Buah Lokal, 'Raja' Tanpa Tahta
- VIVA.co.id/Dyah Pitaloka
VIVA.co.id - Siang itu, Sasmita dan Soma sibuk menyortir buah apel Batu. Di bawah rimbunnya dedaunan pohon buah khas kota Malang, Jawa Timur itu, delapan keranjang berisi berton-ton apel Manalagi menunggu untuk dipilah. Disortir sesuai ukuran sebelum dijual ke pasar.
Wajah Soma berseri-seri. Panen musim kemarau kali ini menghasilkan apel lebih banyak, ketimbang saat musim penghujan.

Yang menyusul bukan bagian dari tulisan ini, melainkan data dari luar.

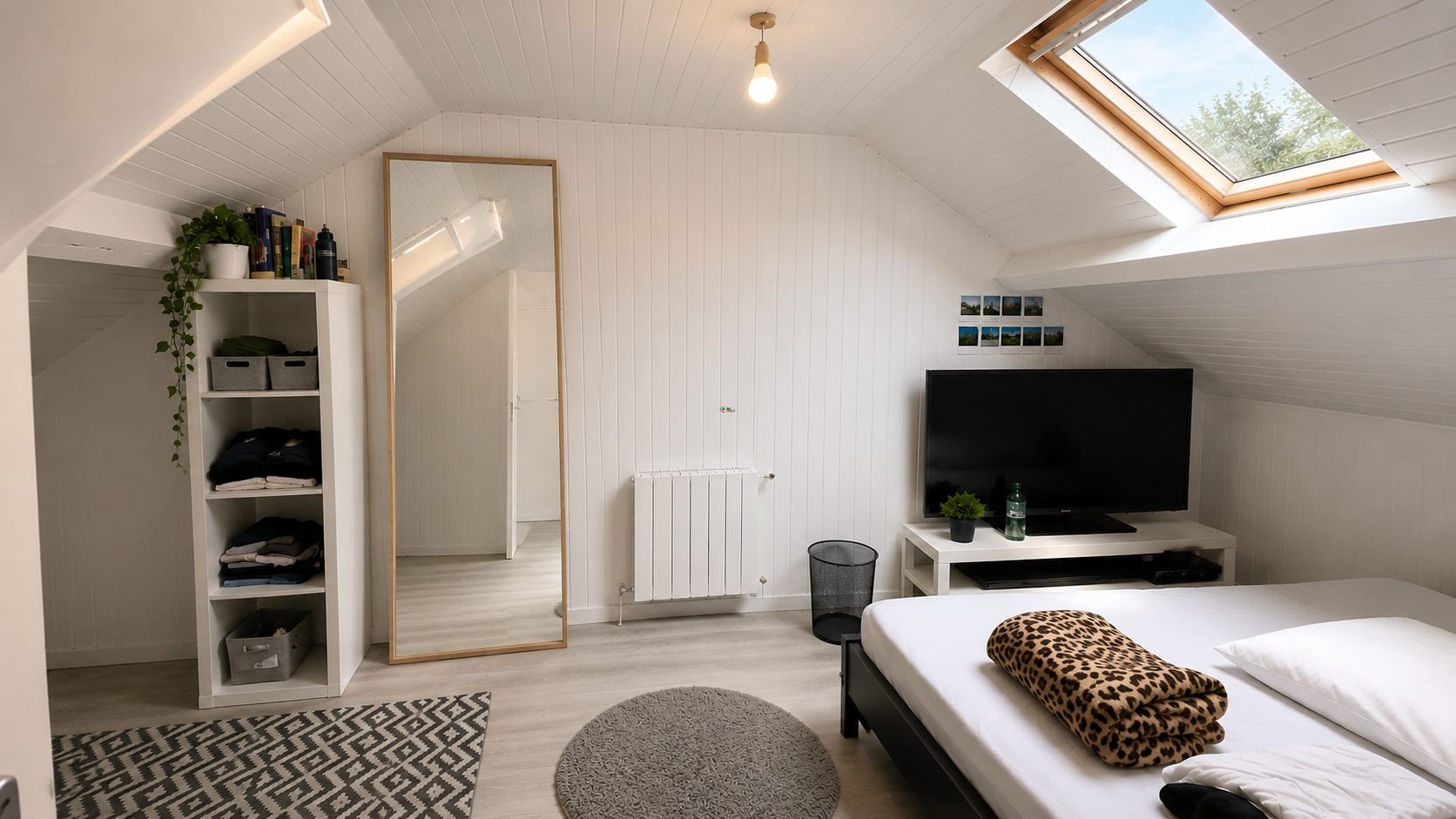 Maison à vendre, 84m², Nogent-sur-Marne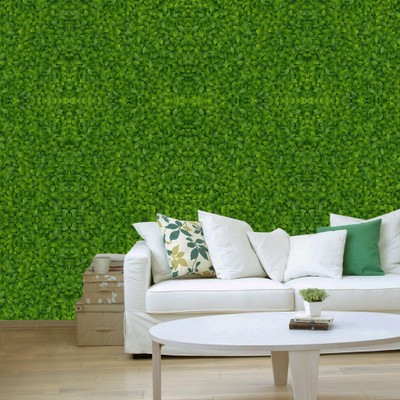 infinity interiors Decorative Multicolor Wallpaper(228 cm x 40 cm)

Ya, Soma dan Sasmita, yang juga petani sekaligus penjual buah apel Batu, merasakan legitnya panen apel di dusunnya. Di salah satu lahan Dusun Junggo, Desa Tulungrejo, Kecamatan Bumiaji, Kota Batu, itu, warga menikmati panen melimpah tahun ini.
Setidaknya, mereka bisa menikmati jerih payah, di tengah musim kemarau panjang. Apalagi, buah lokal yang dipanennya, memiliki kualitas lebih baik dari buah impor. Mereka pun meyakinkan apel lokal yang dipetiknya lebih segar.
“Apel lokal ini jauh lebih awet dibanding apel impor. Setelah dipetik, bisa tahan 1 bulan di luar lemari es dan semakin manis," kata Soma, petani dan buruh petik apel Batu, Malang, kepada VIVA.co.id, Kamis 29 Oktober 2015.
Kondisi itu berbeda dengan apel impor, yang akan keriput dan kusut jika tidak masuk lemari es sehari saja. Makin bagus kualitas, buah lokal makin banyak dicari.
Tak hanya apel Batu, banyak buah domestik lainnya yang juga kian disukai. Durian Medan, misalnya.
Ismail Ginting, petani di Kabupaten Deli Serdang, Sumatera Utara, kepada VIVA.co.id, mengatakan, sepintas buah durian di daerahnya sama dengan negara lain. Jika dilihat dari warna dan ketebalan daging durian relatif sama.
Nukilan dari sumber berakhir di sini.